Creating Professional Archival Quality Digital Image Collections

The following information my be of use for those who are thinking of archiving a large number of photographic images.
It should give you an idea of what measures professional archivists take to save important photos etc. 


This document addresses the standards for archival quality, digital image collections for the California Digital Library. In conjunction with the companion document, California Digital Library Digital Object Collection Standards (July 9, 2001), these standards describe image quality considerations, file formats, storage and access standards for digital images created by or incorporated into the CDL as part of its permanent collections.

They attempt to balance adherence to industry standards, reproduction quality, access, potential longevity and cost. 

Adherence to these standards is required for all CDL contributors and may also serve University of California staff as guidelines for digital image creation and presentation.

At a minimum, digital image collections incorporated into the CDL must have the following components.

A set of archival quality digital image files as defined in this document.
The required metadata defined in this document and encoded in an XML DTD.

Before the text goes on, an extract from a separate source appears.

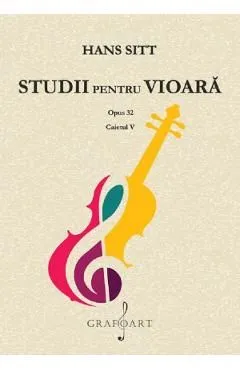 Studii pentru vioara. Opus 32. Caietul V de Hans Sitt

These standards are not intended to address all of the administrative and technical issues surrounding the
creation of digital image collections and they do not describe operational procedures for digitization. “Best
Practices for Image Capture,” a companion to these standards, describes best practices for libraries, archives, and museums; it does not define standards, but instead provides an overview of the issues that need to be addressed when initiating a digital imaging project.

Definition of a Digital Image

A digital image is defined for the purposes of this document as a raster based, 2-dimensional, rectangular array of static data elements called pixels, intended for display on a computer monitor or for transformation into another format, such as a printed page.

Digital Masters

Digital master files are created as the direct result of image capture. The digital master should represent as
accurately as possible the visual information in the original object. Digital images should be created through the direct scanning or imaging of the original object. However, if the original object can not be digitized directly due to its size or other attributes, it may be necessary to use a photographic intermediary.

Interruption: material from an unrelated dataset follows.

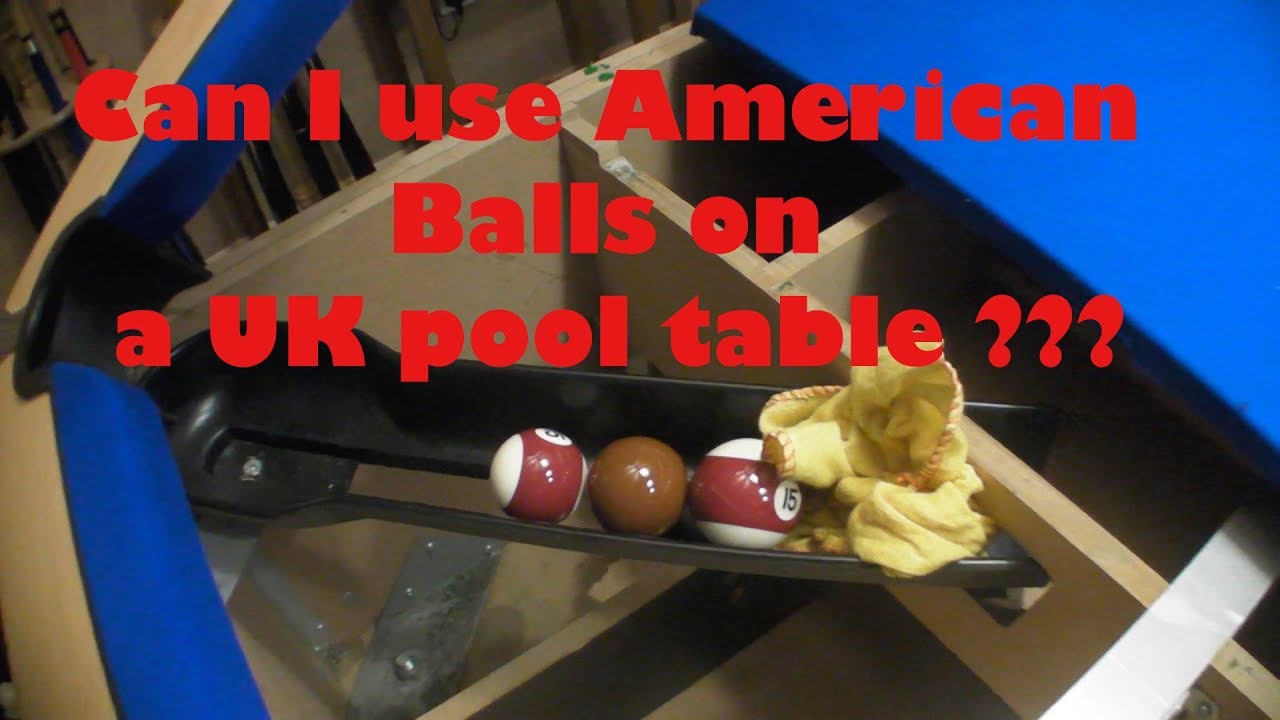 how to use american pool balls on a UK pool table 8 ball 9 ball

Care should be taken that the photographic intermediary is well documented and represents the original object as accurately as possible.

The primary function of digital master files are to serve as a long-term archival record and as a source for
derivative files. A digital master file may serve as a surrogate for the original, may completely replace originals or may be used as security against possible loss of originals due to disaster, theft and/or deterioration. Derivative files are created from digital master images for editing or enhancement, conversion of the master to different formats, and presentation and transmission over networks.

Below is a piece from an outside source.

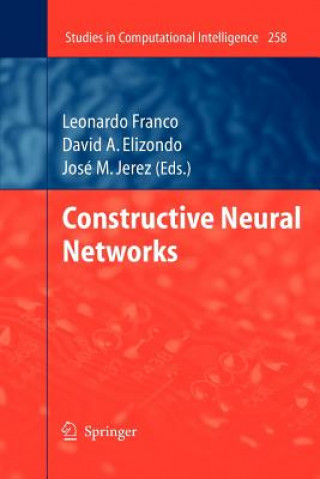 Kniha Constructive Neural Networks Leonardo Franco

Long term preservation of digital master files requires a strategy of identification, storage, and migration to new media, as well as policies about image use and access to them. It is essential that master files remain unaltered over time. Lossy compression techniques, such as GIF and JPEG, should not be applied to master files and migration procedures should include quality control procedures to ensure that the integrity of the files is maintained throughout the entire process.

The specifications for derivative files used for image presentation may change over time; digital masters can
serve an archival purpose, and can be processed by different presentation methods to create necessary derivative files without the expense of digitizing the original object again. Because the process of image capture is so labor intensive, the goal should be to create a master that has a useful life of at least fifty years. Therefore, collection managers should anticipate a wide variety of future uses, and capture at a quality high enough to satisfy these uses. In general, decisions about image capture should error towards the highest quality.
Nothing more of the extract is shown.